Kim ditangkap atas tuduhan penghasutan dan dijatuhi hukuman mati. Namun, hukuman itu diringankan di bawah tekanan internasional dan ia mendapat suaka di AS. Ia kemudian terpilih sebagai presiden Korsel pada 1990-an setelah pemulihan demokrasi. Ia juga memenangkan Hadiah Nobel Perdamaian 2000.

Chun dihukum pada 1996 karena pengkhianatan atas Gwangju dan penyuapan. Ia dijatuhi hukuman gantung, tetapi eksekusinya diringankan setelah naik banding. Chun kemudian dibebaskan setelah mendapat pengampunan dari presiden. Ia masih menyangkal terlibat langsung dalam penindasan terhadap pemberontakan.

Dewasa ini, Presiden Korsel Moon, yang ketika masih mahasiswa ambil bagian dalam protes antikediktatoran lainnya, secara rutin menyoroti Gwangju. Ia berjanji membuka kembali penyelidikan dan menyerukan agar peristiwa itu dimasukkan ke dalam konstitusi.

Oposisi Korea Selatan berupaya menggambarkan Moon sebagai simpatisan Pyongyang. Hannes Mosler dari Universitas Duisburg-Essen mengatakan kubu beraliran kanan berusaha menggunakan Gwangju untuk mendiskreditkan kaum liberal dengan mengaitkan mereka dengan "kejahatan absolut" Korea Utara.
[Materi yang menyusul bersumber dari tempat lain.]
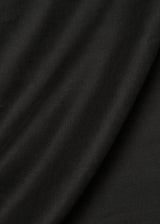 1 Yard Black Solid Pure Linen Fabric, Midweight Softened 54 Inches Wide for Apparel and Décor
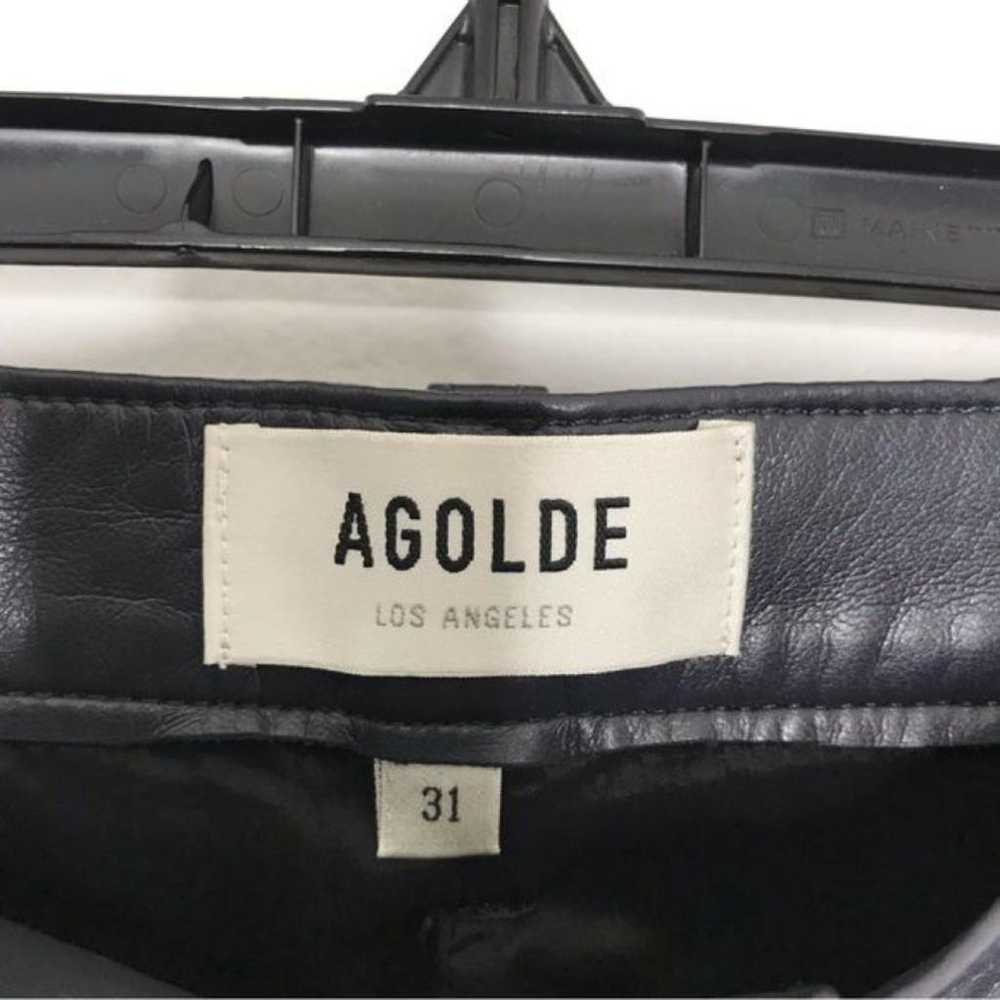 Agolde Leather trousers - image 3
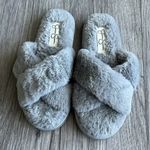 Jessica Simpson  Gray Fuzzy Slipper Sandals Size‎ 6/7 Photo 1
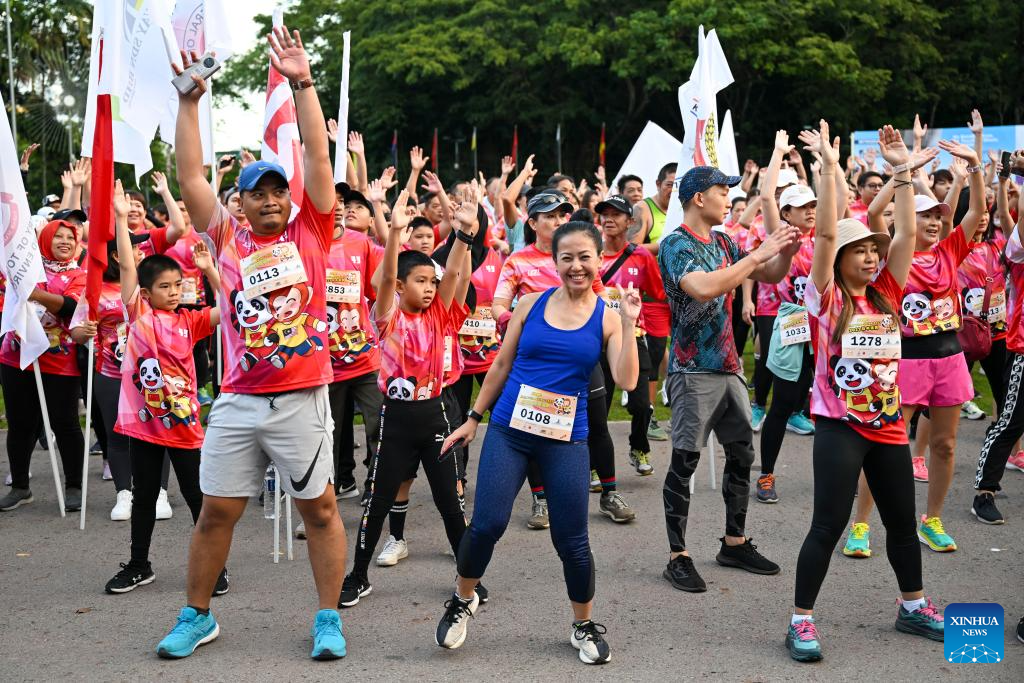 People participate in Malaysia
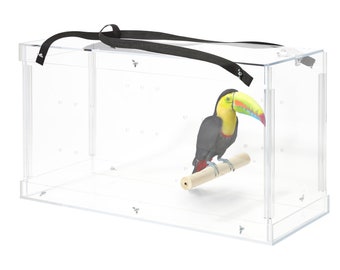 Bird Carrier Macaw Fully Acrylic / Noice reducing acrylic / Premium Acryic / Made in the USA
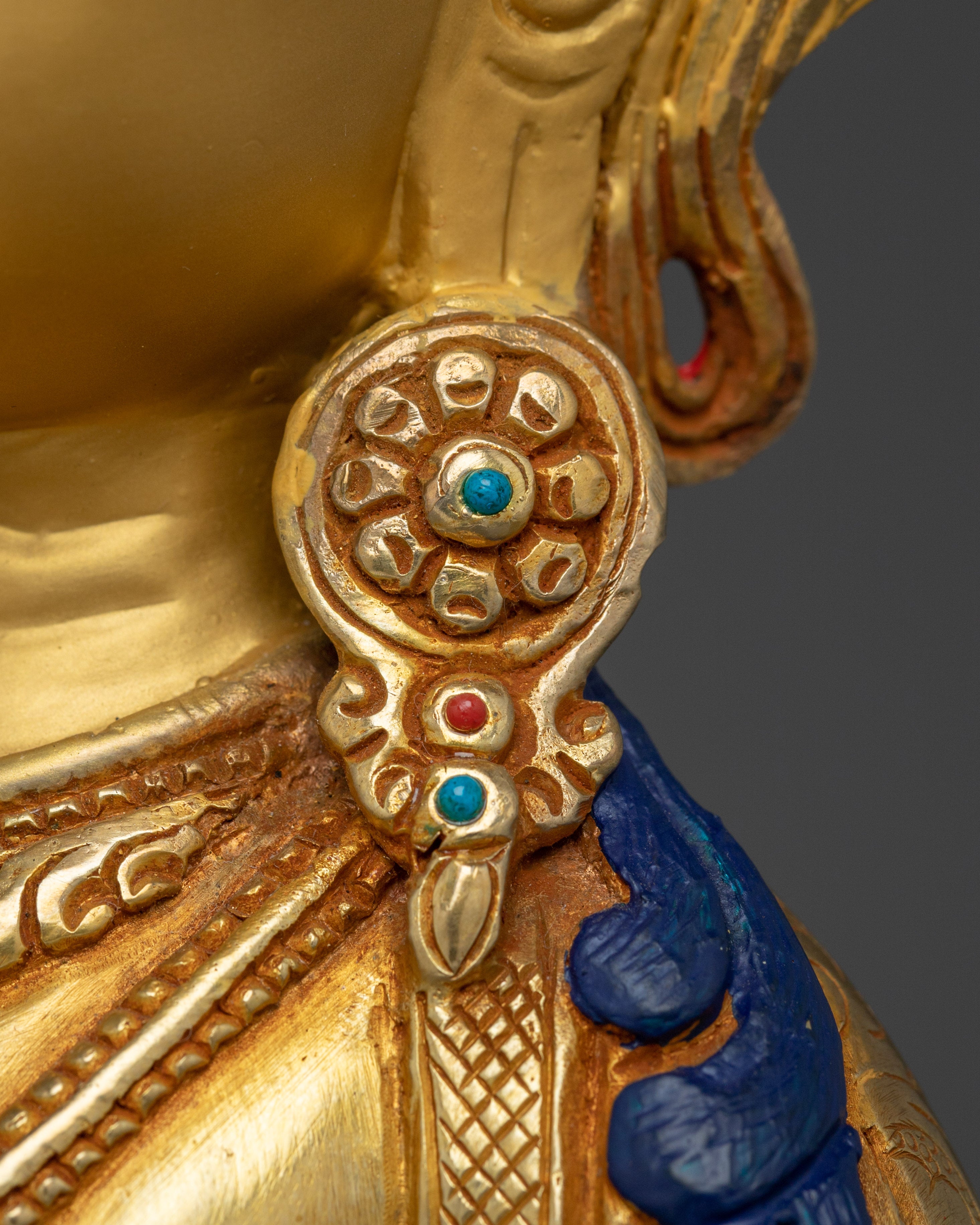 Golden Dorje Sempa Statue | Vajrasattva - Embodiment of Purity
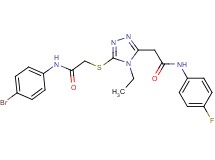 2-[5-({2-[(4-bromophenyl)amino]-2-oxoethyl}thio)-4-ethyl-4H-1,2,4-triazol-3-yl]-N-(4-fluorophenyl)acetamide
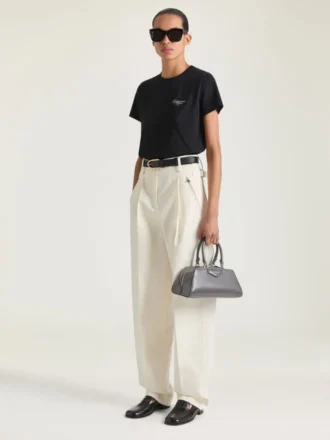 Camiseta de algodón con estampado del logotipo de Givenchy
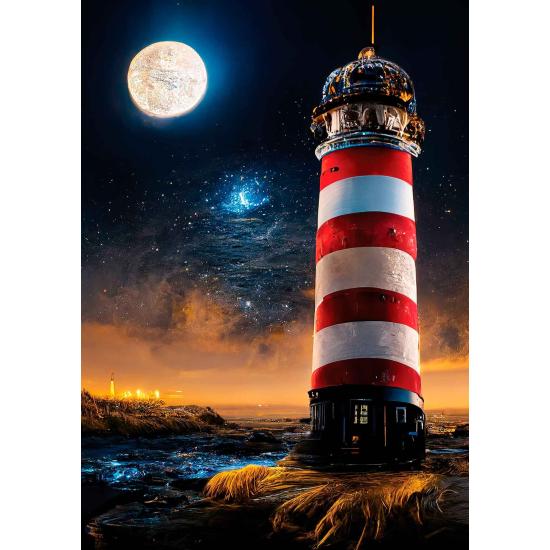 Puzzle Neon Art Puzzle O Farol das Estrelas de 1000 Pçs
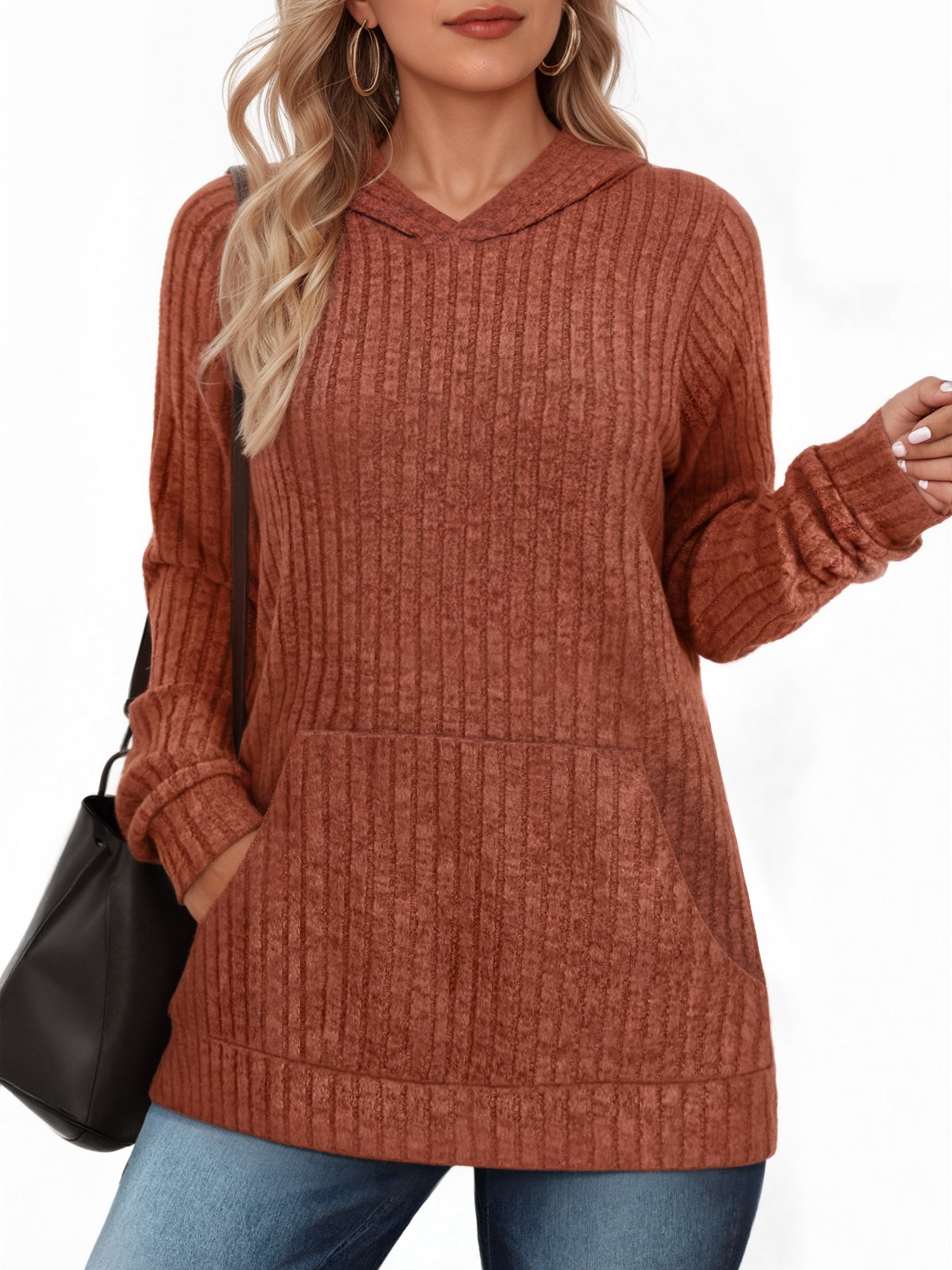 OALUXE Hoodies for Women Long Sleeve Shirts Pullover Sweatshirts Casual Fall Tunic Tops with Pocket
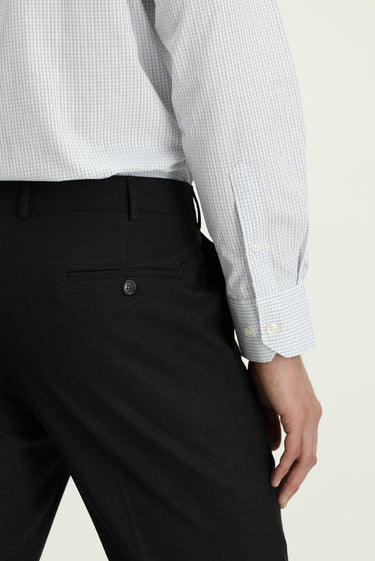 Koyu Füme Relaxed Fit Rahat Kesim Yünlü Klasik Kumaş Pantolon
"Korea Utara berada di jantung strategi polarisasi di Korea Selatan," kata Mosler kepada AFP.

"Begitu gambaran palsu dibuat soal Pemberontakan Gwangju yang mengaitkannya dengan Korea Utara, ini akan semakin menjadi penyulut polarisasi lebih jauh."

Partai Demokrat Moon membukukan kemenangan dalam pemilihan umum bulan lalu, sebagian besar karena keberhasilan pemerintah dalam menangani epidemi virus corona di negara itu.

Tetapi walaupun Daegu berada di pusat wabah, kota tersebut adalah benteng terakhir sayap kanan dan partai Moon kehilangan semua kursi di sana.

Tahun lalu, jenazah sekitar 40 orang ditemukan di lokasi bekas penjara di Gwangju, tempat 242 kerabat orang hilang memberikan sampel DNA dengan harapan bisa membantu mengidentifikasi jenazah yang belum terungkap.

Di antara mereka adalah Cha Cho-geng, usia 81 tahun, yang putranya tidak pernah kembali setelah berangkat untuk menjual bawang putih di sebuah pasar di kota. Saat itu, putra Cha berusia 19 tahun.

"Suami saya meninggal tiga tahun lalu," katanya. "Keinginan terakhirnya adalah untuk mengubur jenazah putra kami sebelum ia sendiri dimakamkan.

"Saya juga punya keinginan yang sama, tapi saya tidak tahu apakah itu akan jadi kenyataan."